Non, Soumission n'est pas un roman islamophobe, ce n'est même pas vraiment une satire de l'Islam et de ses préceptes pour la vie civile, encore moins une espèce de texte d'anticipation politico-flippant. N'en déplaise à tous les polémistes de nos petits écrans venimeux, Soumission ne sent pas le souffre. Si il faut absolument désigner une cible à cette supposée attaque houellebecquienne, ce serait les fantasmes des occidentaux : guerre civile, polygamie, et... et puis c'est à peu près tout. Parce que notre connaissance de l'Islam, encore aujourd'hui au XXIème siècle, alors même que la France est un pays de mixité, de rencontres, de mélange, n'est pas beaucoup plus renseignée qu'à la grande époque de Delacroix, auteur de La Mort de Sardanapale : violence brutale et sexe débridé.

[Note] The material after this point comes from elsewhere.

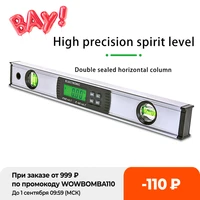 digital protractor angle finder electronic level 360 degree inclinometer with magnets level angle slope tester ruler 400mm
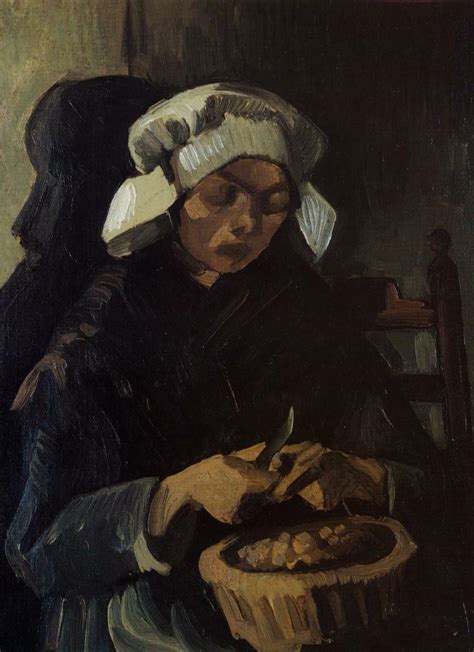 Vincent Van Gogh On Twitter Peasant Woman Peeling Potatoes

François, le héros du roman est un universitaire sorbonnard, spécialiste de Joris-Karl Huysmans, auteur décadent de la fin du XIXe siècle. Evidemment, comme à l'accoutumée, Michel est François, qui lui-même est Joris-Karl. Nous sommes en 2022, et les élections présidentielles permettent l'arrivée au pouvoir du parti de la Fraternité musulmane, et de son leader Mohammed Ben Habbes. Tout à coup les choses s'accélèrent : il faut virer son argent sur des comptes à l'étranger, fuir Paris pour une province lointaine et rassurante, l'université est fermée, radio et télévision n'émettent plus, François enjambe des morts dans une station service, et puis... et puis pschitt. Rien. Ou pas grand chose. Ben Habbes est un bon gestionnaire, son premier ministre est l’inoffensif François Bayrou, l'université rouvre ses portes et les intellectuels sont chouchoutés par le pouvoir en place.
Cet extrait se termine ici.